Second Contact Read online

Page 30


  “You usually refuse invitations from other males of the Race to functions such as the one tonight,” the driver said. “Why did you choose to accept this one?”

  The Tosevite spoke Straha’s language about as well as a Big Ugly could. In terms of grammar and pronunciation, he probably spoke it as well as Yeager, who was Straha’s touchstone in such matters. But he did not think like a male of the Race, as Yeager was able to do.

  Straha tried to explain: “Why did I accept? First of all, because I usually decline: I have learned from you Tosevites that being too predictable does not pay. And, second, the males who sent me this invitation are old acquaintances. I have known them since not long after my arrival in the United States, when I was being concealed and interrogated at the place called Hot Springs.” That was another sensible, descriptive place-name, of the sort common back on Home.

  “I understand now,” the driver said. “You are visiting old friends.”

  “In a manner of speaking, yes,” Straha said.
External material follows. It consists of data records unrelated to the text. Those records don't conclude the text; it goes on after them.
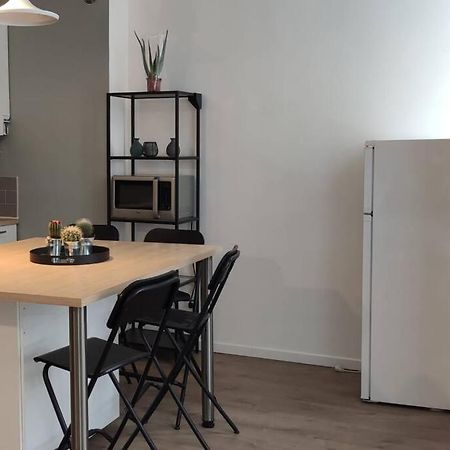 Logement 5 Personnes Proche Cv Et Parking Prive Apartment Сент Етиен Екстериор снимка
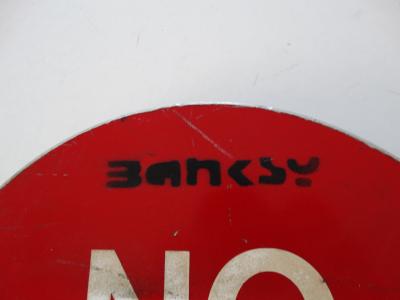 Banksy (attribué à) -Panneau, circa 2006, Pochoir 2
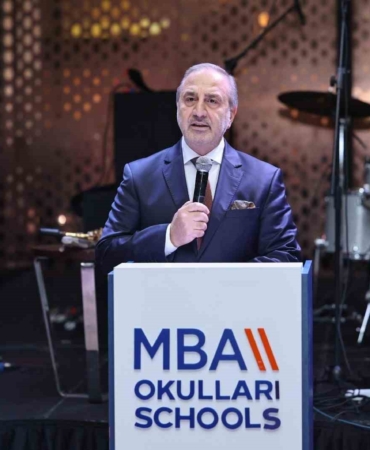 Çalıkuşu Aydan Şener’in de katılımıyla Öğretmenler Günü kutlaması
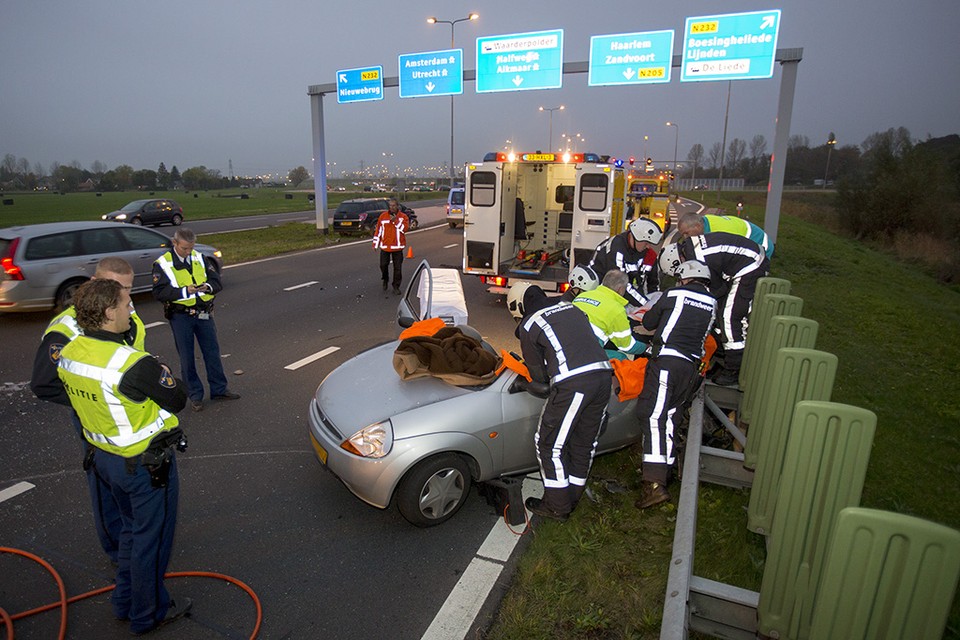 Dak moet van auto na ongeval op N205 in Vijfhuizen. Foto Michel van Bergen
But he had recently found an English word that came closer to what he was doing tonight: slumming. During his days as shiplord, he would never have associated with ordinary males like these two, and they would never have presumed to ask him to associate with them. Association at Hot Springs was surely one of the reasons they did so presume now, but the pervasive and corrosive American doctrine of equality was as surely another.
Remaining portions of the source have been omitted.